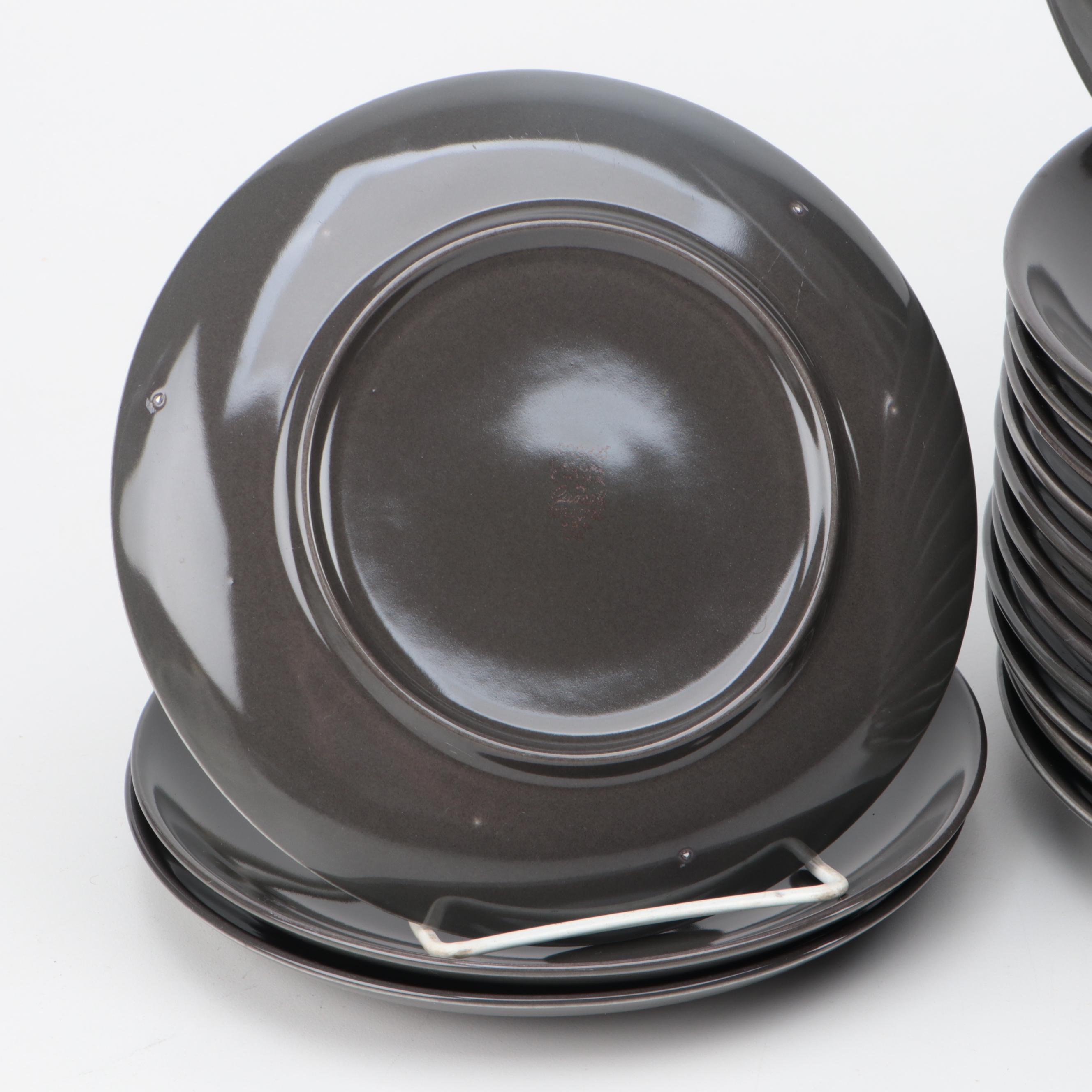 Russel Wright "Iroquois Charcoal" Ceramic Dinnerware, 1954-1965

---+---

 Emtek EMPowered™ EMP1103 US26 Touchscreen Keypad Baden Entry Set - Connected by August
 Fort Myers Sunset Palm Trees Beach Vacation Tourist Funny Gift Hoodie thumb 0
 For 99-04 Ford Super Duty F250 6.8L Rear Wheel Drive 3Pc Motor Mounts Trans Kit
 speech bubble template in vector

---+---

Task
Reproduce exactly the section above that begins at the line containing "Fort Myers Sunset" and ends at the line containing "speech bubble template in vector", leaving out all other lines.

Exercise solution
 Fort Myers Sunset Palm Trees Beach Vacation Tourist Funny Gift Hoodie thumb 0
 For 99-04 Ford Super Duty F250 6.8L Rear Wheel Drive 3Pc Motor Mounts Trans Kit
 speech bubble template in vector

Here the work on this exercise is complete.